Raquel Sachser of M Moser addresses how we need to reconsider workplace amenities in the post-COVID-19 office.
It’s no secret that amenities have become a vital aspect of workplace strategy. Having amenities in place that go beyond an elevator or a dining area are often the difference between retaining top talent and seeing them leave to seek greener pastures. Workplace amenities can enhance a work environment by engaging all employees, elevating a brand’s identity, creating emotional connections to the office space, and promoting wellness and agility in the way we work.
If you had asked several months ago, most would have agreed that the only real trend in the amenities space that would be moving forward would be a continued push toward big ideas that promote flexibility, creativity, and open collaborative spaces. Some of that will still be possible, but as COVID-19 continues to upend the world of work, new and more pressing demands will push workplace strategists and business leaders to adjust course and reconsider certain priorities.
Investing in physical safety
Have you ever interviewed a potential employee and had them ask, “How often do you clean the office space?” Unless you’ve interviewed someone in the last few weeks, the answer to that question is most likely no. Most prospective talent probably assumed that you employed some sort of janitorial service that appeared on an-often enough basis to keep the office clean. Moving forward, though, providing workplace amenities post-COVID-19 related to physical health and infection control will surge in importance among employees.
In the short term, employees will rightfully expect an enhanced cleaning program for public areas like receptions, pantries, café/dining areas, coffee points, copy rooms, and wellness rooms in addition to an after-hours cleaning program that focuses on disinfection of all surfaces. Business leaders should also consider implementing improvements to HVAC systems and adding UVC lamp systems, and coating highly used surfaces in common areas with antimicrobial treatments that better prevent germs and bacteria from circulating throughout touch, air, and water.

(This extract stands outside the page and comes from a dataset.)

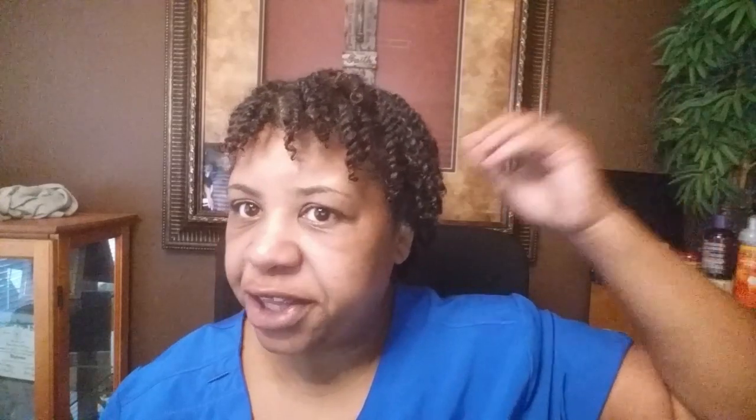My hair is still defined. Once again, the Shea Bay powder is not for growth — it is for strengthening your hair and moisture. I want to show you guys that it's doing what it's supposed to do, and I'm going to wear it for five days. This is day three of my mini twists with my Shea Bay powder.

Historically, construction materials and fabrics may not have been considered an amenity, but in this new world, they will take center stage. Offices built with construction materials that are inherently antimicrobial, such as copper, brass, and some laminates, as well as fabrics with antimicrobial properties embedded within the fibers or treated fabrics that may be bleach cleanable, will become more commonplace.
Other potential workplace amenities post-COVID-19 that will take on a more prominent role will include technology that reduces physical touch in common areas – think hands-free enabled equipment for faucets, soap dispensers, paper towels, trash receptacles, refrigerators/microwave doors, closets and points of egress. It may seem simple, but providing employees with hygienic products like hand sanitizers, antibacterial soaps, gloves, masks and disinfectant wipes will become table stakes.
Creating the spaces we want with new rules
Despite all of this change, we will always need workspaces that foster collaboration, innovation, creativity and a sense of belonging. There will always be a desire for amenities like artfully designed meeting spaces, eating areas or a company whisky bar, physical activity centers like gyms or a communal rock-climbing wall. That said, the way we create these spaces is going to have to be altered in ways that accommodate sufficient spacing between people.
Tables and seating should be set up at the appropriate distances, and fixed furniture may become more important since maintaining proper distances will need to be more strictly enforced. We can still have that beloved coffee nook, but snacks should be individually packaged, and hardware should be made of copper or brass products as these are inherently antimicrobial. Employees will also have to adjust by adhering to a cleaning routine before and after the use of these community spaces, so providing cleaning solutions and hand sanitizers convenient to all settings will be key.
The potential need for lower population density in a physical office space will also put a greater emphasis on digital amenities to ensure employees can transition seamlessly from office-based to remote working regularly. Companies will need to outfit employees with laptops, provide plentiful wifi hotspots and video conferencing capabilities so people can continue to come together to share ideas, tell stories, and create emotional connections with one another.
Amenities for mental health & wellness
If there is any silver lining to this global crisis, perhaps it is that, as a society, we are more open to discussing our anxiety, stress, and feelings of uncertainty with our employers and have demonstrated that in fact working from home is possible and can be effective.
As a result, expect to see a huge uptick in a demand for workplace amenities post-COVID-19 that related to supporting mental health and “flex working”. An example of this could be a robust “flexible working” program, allowing staff to work from home, permanently, or as needed, as well as companies providing access to mental health counselors and insurance coverage of online counseling services. It’s plausible that HR functions will begin creating individualized stress management programs or an established buddy-program with established rules for checking up on each other.
While we all wish we could return to some level of normalcy in the near future, the reality is more likely to be that our definition of normal, and the amenities we require, will be forever changed. So, while we’re living in an ambiguous time with an uncertain future, we can still try to be as prepared as possible. Setting up strategies now will help us all feel more safe and comfortable when we once again venture out into the world and return to work.